» **Supplied material**
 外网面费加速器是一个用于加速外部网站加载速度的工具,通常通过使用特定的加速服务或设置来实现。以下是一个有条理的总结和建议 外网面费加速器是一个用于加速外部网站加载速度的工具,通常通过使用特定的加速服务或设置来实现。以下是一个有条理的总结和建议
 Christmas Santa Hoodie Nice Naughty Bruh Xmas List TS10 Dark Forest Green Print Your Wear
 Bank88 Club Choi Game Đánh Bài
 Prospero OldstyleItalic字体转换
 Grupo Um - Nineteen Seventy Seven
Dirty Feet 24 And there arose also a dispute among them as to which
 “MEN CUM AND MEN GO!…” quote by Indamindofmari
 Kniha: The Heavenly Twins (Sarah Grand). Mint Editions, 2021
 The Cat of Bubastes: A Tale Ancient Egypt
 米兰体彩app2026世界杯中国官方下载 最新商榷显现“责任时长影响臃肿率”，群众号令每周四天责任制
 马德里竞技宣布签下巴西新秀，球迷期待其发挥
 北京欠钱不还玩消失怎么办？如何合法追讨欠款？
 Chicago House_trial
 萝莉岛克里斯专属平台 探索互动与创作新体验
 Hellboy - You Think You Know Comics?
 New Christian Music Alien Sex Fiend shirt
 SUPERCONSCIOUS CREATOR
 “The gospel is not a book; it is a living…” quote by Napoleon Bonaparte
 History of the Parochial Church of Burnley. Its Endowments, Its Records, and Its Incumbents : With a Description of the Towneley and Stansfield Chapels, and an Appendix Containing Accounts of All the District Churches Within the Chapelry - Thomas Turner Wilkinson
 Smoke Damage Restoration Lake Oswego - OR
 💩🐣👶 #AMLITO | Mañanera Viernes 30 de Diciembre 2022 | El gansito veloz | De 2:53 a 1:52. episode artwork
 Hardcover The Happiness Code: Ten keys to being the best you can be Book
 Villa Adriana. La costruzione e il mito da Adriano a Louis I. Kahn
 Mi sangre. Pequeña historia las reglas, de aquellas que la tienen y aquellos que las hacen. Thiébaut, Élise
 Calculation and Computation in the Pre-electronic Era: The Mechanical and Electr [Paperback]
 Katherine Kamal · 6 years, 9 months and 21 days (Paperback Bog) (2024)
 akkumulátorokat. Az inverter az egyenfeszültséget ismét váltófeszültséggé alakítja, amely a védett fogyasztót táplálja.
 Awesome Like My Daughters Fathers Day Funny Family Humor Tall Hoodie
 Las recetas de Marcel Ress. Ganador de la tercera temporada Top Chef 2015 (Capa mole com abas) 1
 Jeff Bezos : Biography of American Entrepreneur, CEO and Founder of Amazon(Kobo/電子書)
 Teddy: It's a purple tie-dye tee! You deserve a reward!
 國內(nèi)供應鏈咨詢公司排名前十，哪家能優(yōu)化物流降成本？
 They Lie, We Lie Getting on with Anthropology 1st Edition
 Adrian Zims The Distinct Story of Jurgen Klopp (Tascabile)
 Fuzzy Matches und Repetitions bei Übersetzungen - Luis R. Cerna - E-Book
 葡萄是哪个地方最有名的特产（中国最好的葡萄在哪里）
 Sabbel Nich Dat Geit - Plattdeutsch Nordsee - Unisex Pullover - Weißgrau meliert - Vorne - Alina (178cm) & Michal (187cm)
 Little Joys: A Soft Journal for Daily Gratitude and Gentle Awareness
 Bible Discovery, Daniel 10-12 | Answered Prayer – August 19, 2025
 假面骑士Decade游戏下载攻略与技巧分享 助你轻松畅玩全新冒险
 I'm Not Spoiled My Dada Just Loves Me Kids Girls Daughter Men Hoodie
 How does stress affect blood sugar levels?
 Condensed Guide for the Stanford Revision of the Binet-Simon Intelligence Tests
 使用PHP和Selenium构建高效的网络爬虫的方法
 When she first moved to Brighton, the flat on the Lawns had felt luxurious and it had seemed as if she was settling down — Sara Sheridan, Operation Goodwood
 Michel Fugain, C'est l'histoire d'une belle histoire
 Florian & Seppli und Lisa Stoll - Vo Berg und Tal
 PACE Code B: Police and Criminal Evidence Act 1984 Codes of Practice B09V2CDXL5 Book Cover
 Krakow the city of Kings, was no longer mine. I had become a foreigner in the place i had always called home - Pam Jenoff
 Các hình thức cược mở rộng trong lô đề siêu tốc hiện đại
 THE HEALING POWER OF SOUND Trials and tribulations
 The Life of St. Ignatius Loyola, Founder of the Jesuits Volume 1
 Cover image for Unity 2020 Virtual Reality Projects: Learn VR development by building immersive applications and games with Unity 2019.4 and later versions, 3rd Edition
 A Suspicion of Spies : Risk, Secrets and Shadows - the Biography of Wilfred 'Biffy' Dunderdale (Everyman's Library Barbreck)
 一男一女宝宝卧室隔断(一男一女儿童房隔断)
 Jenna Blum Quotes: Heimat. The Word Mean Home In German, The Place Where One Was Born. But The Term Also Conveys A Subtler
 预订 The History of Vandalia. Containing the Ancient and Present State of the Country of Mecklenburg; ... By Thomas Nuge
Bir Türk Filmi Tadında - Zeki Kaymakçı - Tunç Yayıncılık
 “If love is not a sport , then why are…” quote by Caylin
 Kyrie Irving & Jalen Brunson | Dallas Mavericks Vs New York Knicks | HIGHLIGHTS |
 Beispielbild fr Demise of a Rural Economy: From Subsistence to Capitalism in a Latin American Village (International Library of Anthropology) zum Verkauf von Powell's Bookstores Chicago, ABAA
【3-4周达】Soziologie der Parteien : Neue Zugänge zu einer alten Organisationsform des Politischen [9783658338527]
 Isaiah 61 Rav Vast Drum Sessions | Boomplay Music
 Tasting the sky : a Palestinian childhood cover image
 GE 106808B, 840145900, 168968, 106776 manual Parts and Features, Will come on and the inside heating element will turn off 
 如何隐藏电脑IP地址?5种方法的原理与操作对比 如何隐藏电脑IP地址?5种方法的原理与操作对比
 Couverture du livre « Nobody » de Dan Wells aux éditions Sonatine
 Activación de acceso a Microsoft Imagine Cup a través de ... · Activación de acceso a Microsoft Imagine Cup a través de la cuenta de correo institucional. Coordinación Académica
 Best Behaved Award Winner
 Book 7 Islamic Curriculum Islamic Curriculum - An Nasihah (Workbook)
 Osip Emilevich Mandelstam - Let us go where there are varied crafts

» **Action item**
Within the listing, how many lines hold the string "Ancient"? State that number alone.

» **Result of this exercise**
2